Summer will be upon us soon, and with that, the treasure of summer nights.

Cooling temperatures, slowly retreating sunlight. A symphony of crickets and peepers. Unless if you’re homeless and go to New Horizons shelter to sleep. No summer night for you.

You have to sign in by 6:30 p.m. You get your last smoke at 7:30 p.m. In bed by 8 p.m. And lights out — even if the sun doesn’t cooperate — by 8:30 p.m.

“How can you tell a 59-year-old man he’s got to be in bed by 8 o’clock at night?” said Jack McLan. A one-time homeless man, McLan credits New Horizons with getting him on his feet, and he volunteers there at times. Still, he chafes over some of the rules.

“It’s worse than jail,” he said.

Clearly, that is the sentiment among many of the hardcore homeless in this city who are living in camps or sleeping on downtown streets.

Some are comfortable outside, said Michelle Duguay, a formerly homeless person who runs the organization New Hampshire Homeless Outreach.

Others have mental health reasons for avoiding the shelter. And some have had run-ins with the staff, she said.

And then, there are the rules:

• Wake up at 5 a.m.

• Consent to random searches of your bags.

• See a caseworker after your third night.

• Save half the income from your job (and New Horizons is the bank).

• No physical contact, not even a hug.

• No spending money frivolously or getting arrested for drugs.

• No fighting, threatening behavior, drugs or alcohol, weapons.

• No talking to volunteers who help at the soup kitchen.

• And no changing your T-shirt in the sleeping area if that means a bare chest.

I’m sure New Horizons can justify every rule (and there are even more). But balance the rules with the proliferation of homeless camps in the city.

The camps are filled with people who — whether mentally ill, drug addicts, petty criminals or just poor — don’t, or can’t, follow rules well.

I asked Maureen Beauregard, the new boss of New Horizons, about the rules, especially the summer night rule.

“I hear what you’re saying. On a personal level, I hear what you’re saying,” she said about the curfew.

But Families in Transition, the agency that started running New Horizons in January, won’t be changing any long-standing rules right away.

“We’re only in our fifth month,” said Beauregard, president of Families in Transition (FiT). She said FiT will make changes eventually but is doing its homework before doing so. That includes travel to California and Utah to review other shelters, researching best practices, tapping shelter guests for their ideas, and even empowering them to come up with changes.

It will also involve solutions for “people living at the river bank,” she said.

One of them is Lisa Anne Hampton.

Hampton, 55, was arrested March 22 at New Horizons. According to police reports, she did not leave when ordered out by New Horizons manager Wayne Jacques. Police reports say she came by asking for food. (The time of the arrest, 4:51 p.m., matches up with the hour the soup kitchen is open.)

Hampton said she only wanted to use the bathroom.

Jacques “told Hampton many times that they did not want her there today and she was not allowed in,” reads the police report.
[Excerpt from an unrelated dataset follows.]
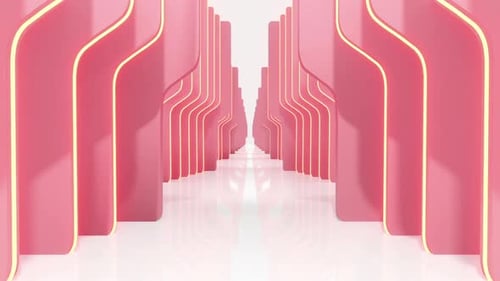 Seamless Abstract Tunnel Loop with Glowing Pink and Yellow Shapes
“I did nothing to break the law or the rules of the shelter,” Hampton said this week. “Why was I not allowed? I was homeless. I was hungry.”

If anything, Hampton is flamboyant. She often wears elaborate costume jewelry and coordinated dresses and hats and lipstick.

She recognizes most street people and renders a strong hug and an enthusiastic “Hello” with her sing-song voice.

Her disposition is matched by blue eyes that have the tint of a morning sky. She talks non-stop about her Christian faith, her abusive ex-husband, her former run-ins with the law, the camp where she lives. It would be impossible for her to follow another rule of the shelter — to eat quietly and leave as quickly as possible.

When Hampton showed up in court for a hearing last week, her public defender told Hampton she wanted her to be tested for competency.

She refused and said she wants to fire the defender.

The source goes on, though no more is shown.